Each virtual machine is directly connected to two network interfaces, service1 
and service2.
Pacemaker is used to ensure high availability of the Lustre services.
lustre(2.15.5) + corosync(3.1.5) + pacemaker(2.1.0-8.el8) + pcs(0.10.8)

Issue: During testing, the network interface service1 on lustre-oss-node30 and 
lustre-oss-node40 was repeatedly brought up and down every 1 second (to 
simulate a network failure).
The Corosync logs showed that heartbeats were lost, triggering a fencing action 
that powered off the nodes with lost heartbeats.
Given that Corosync is configured with redundant networks, why did the heartbeat loss

Honestly I don't think it is really configured with redundant networks.

occur? Is it due to a configuration issue, or is Corosync not designed to handle this scenario?
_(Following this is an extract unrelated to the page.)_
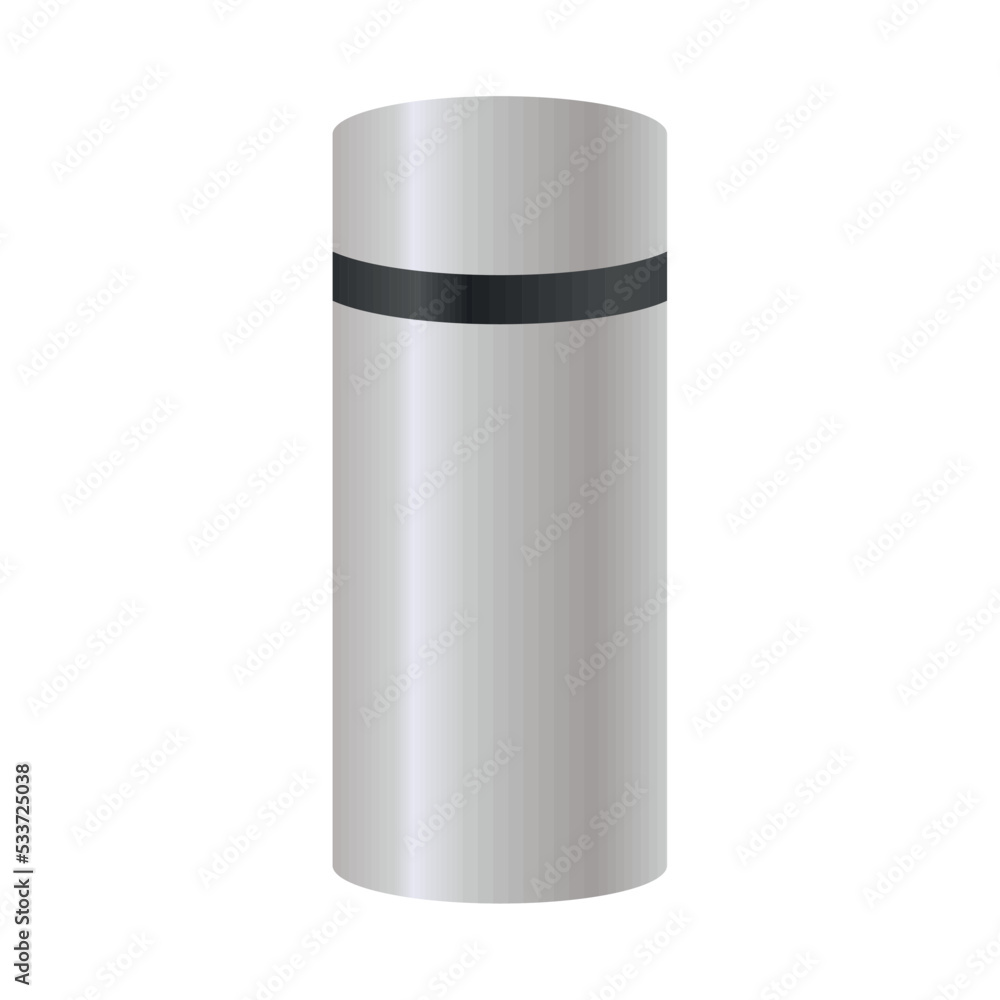 realistic aluminum bottle realistic aluminum bottle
Ifdown is not ideal method of testing but Corosync 3.x should be able to handle it. Still using iptables/nftables/firewall is recommended.




Other:
The configuration of corosync.conf can be found in the attached file 
corosync.conf.

From config file it looks like both rings are on the same network. Could you please share your network configuration?

Honza

Other relevant information is available in the attached file log.txt.
The script used for the up/down testing is attached as ip_up_and_down.sh.